START Source material

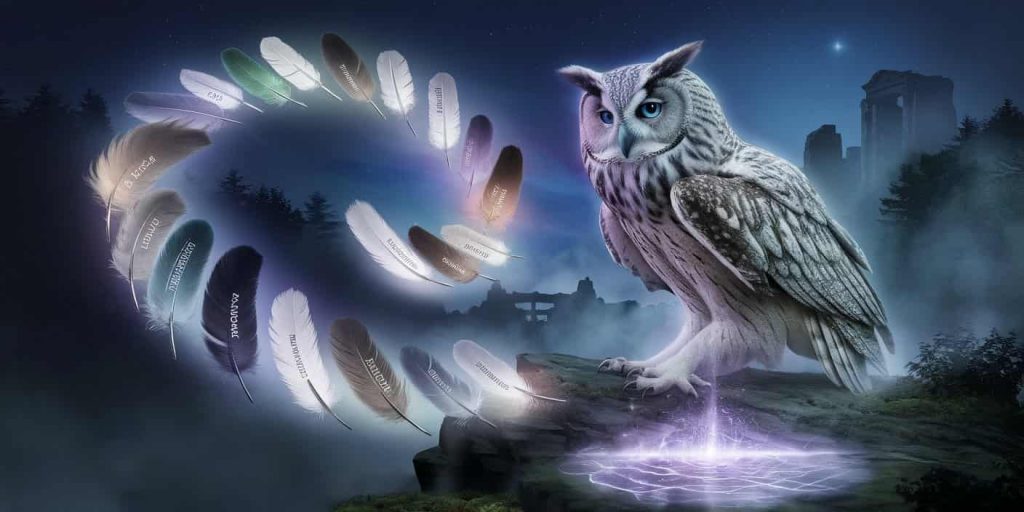 Ethereal starlight owl with feather eyes, surrounded by a spiral of glowing owl feathers, overlooking a mystical forest with ancient ruins and a reflective pool showing spiritual growth scenes.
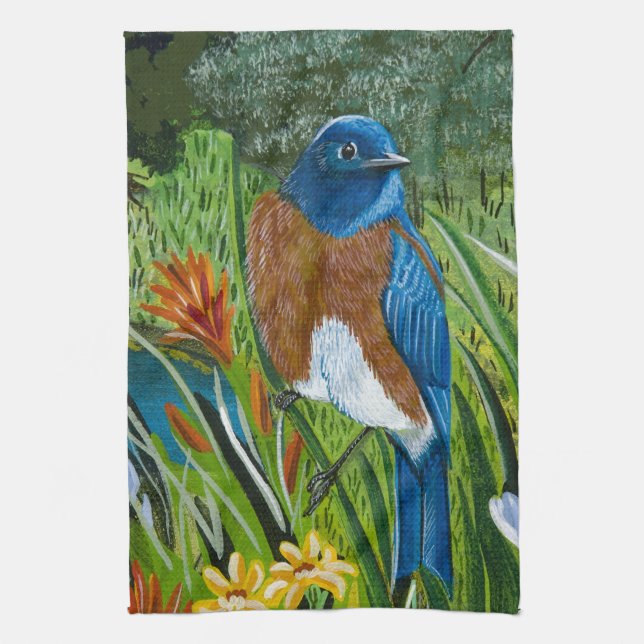 Western Bluebird Tea Towel (Vertical)
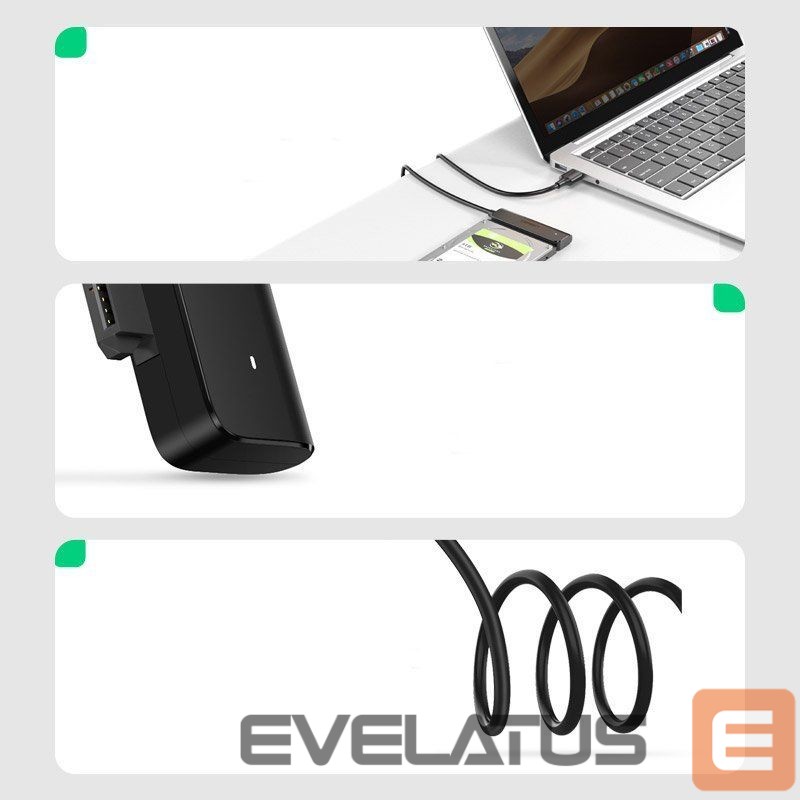 Adaptrid Ugreen Ugreen adapter HDD SSD 2.5'' SATA III 3.0 - USB 3.2 Gen 1 (USB 5 Gbps) black (70609 CM321)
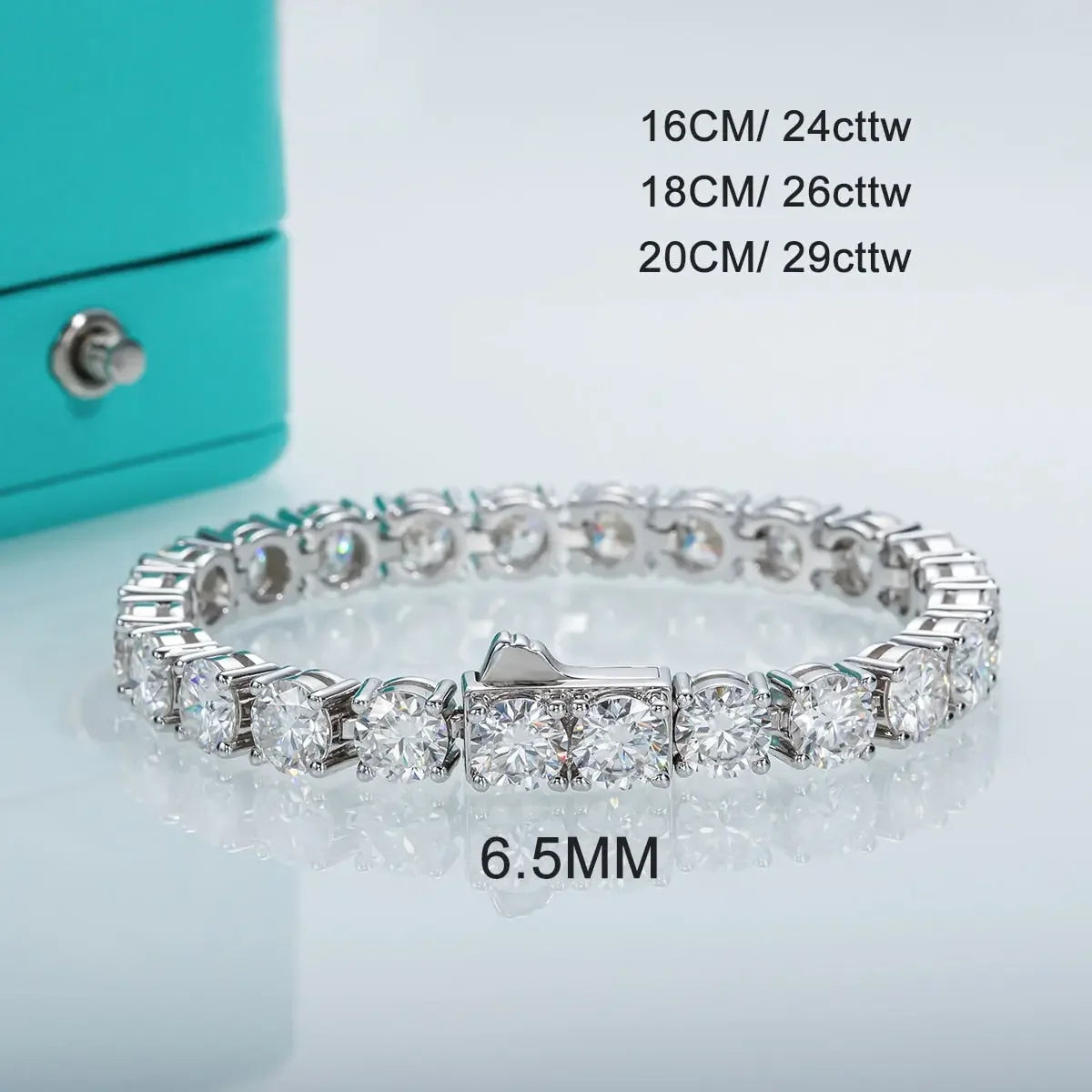 Luxurious 6.5mm 24-29cttw D Color Moissanite Diamond Tennis Bracelet 925 Sterling Silver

END Source material

Retype the listing exactly. Skip every picture.

→ **Task result**
 Ethereal starlight owl with feather eyes, surrounded by a spiral of glowing owl feathers, overlooking a mystical forest with ancient ruins and a reflective pool showing spiritual growth scenes.
 Western Bluebird Tea Towel (Vertical)
 Adaptrid Ugreen Ugreen adapter HDD SSD 2.5'' SATA III 3.0 - USB 3.2 Gen 1 (USB 5 Gbps) black (70609 CM321)
 Luxurious 6.5mm 24-29cttw D Color Moissanite Diamond Tennis Bracelet 925 Sterling Silver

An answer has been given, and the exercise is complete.